Eski-yeni ayrımı çerçevesinde yapılan antremanlar -sezon öncesi uyarılar alan Hasan ve Ümit'in yeniler takımında yer alması- hazırlık maçları, oynatılmayan bir Lincoln, anlamsız ön libero ve sağ bek denemeleri, psikolojik ve teknik anlamda Kalli'nin yanlışları gibi gözüktü hazırlık sürecinde.
Yaklaşık 2 yıldır süregelen genç oyunculara önem verilmesi, oynatılması, verim alınması gibi geleceğe yönelik, hem maliyeti düşük hem de olumlu yansımaların yüksek olacağı bir düşünce sistemi malesef Kalli'nin gelmesiyle rafa kalkmış gibi gözüküyor. Bu durum için Kalli'yi suçlamamak gerek, Hagi'nin üzerindeki 100. yıl baskısı gibi, onun da üzerinde bu tek yılında başarılı olmak zorunluluğu var. Gençleri oynatarak kendini riske atma ihtimali de azalmış oluyor bu zorunluluktan ötürü. Yönetimin transfer döneminlerinde olan suskunluğunu bu yıl abartılı bir şekle bürünerek bozması da, gençler konusunu iyice çıkmaza sokmuştur. Şu an pek çok yetenekli genç oyuncumuz ya kiralık verilecek ya satılacak ya da bir yerlerde unutulacak, çürüyecektir.
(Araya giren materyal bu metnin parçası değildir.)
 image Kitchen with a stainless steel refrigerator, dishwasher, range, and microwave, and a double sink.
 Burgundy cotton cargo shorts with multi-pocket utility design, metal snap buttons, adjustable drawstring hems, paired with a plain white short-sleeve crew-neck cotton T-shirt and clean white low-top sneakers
Serkan Çalık, Barış Özbek, Servet, Bouzid ve Orkun transferlerine bu anlamda değinmek gerekir. Elinizde potansiyeli olan ama oynatılarak kazanılması gereken, pek çok kişinin umut vadettiğine inandığı -Hakan Ünsal, Ergün, Bülent, Suat ve nicelerini hatırlayın, oynatılmasalar nasıl gelişebilirlerdi- Erkan, Uğur, Anıl, Aydın, Özgürcan, 19 yaşında bir gencin hata yapabileceğini düşünmeden gönderilen Fevzi, bu 4 yeni oyuncudan ne yetenek ne de gelişebilirlik anlamında eksikleri olmadığını düşündüğüm genç oyuncularımızdı. Gelinen nokta yenilerin doğal olarak kalacağı, eskilerin durumunun ise ne olacağının belli olmadığı.
Yönetimin yapacağı büyük yanlışlardan biri de bu jenerasyonu tırpanlamak olabilirdi, malesef onu da yapıyorlar. Burada kongrenin yaklaşmasının etkisi elbette büyük, transfer yapmak başarılı olmak gibi algılanılıyor halbuki transfer doğru olduğu sürece bir başarı. Transferin camia ve taraftar üzerinde yaratacağı etki açıkça ortada ve yönetim bu anlamda amacına ulaşmış gibi.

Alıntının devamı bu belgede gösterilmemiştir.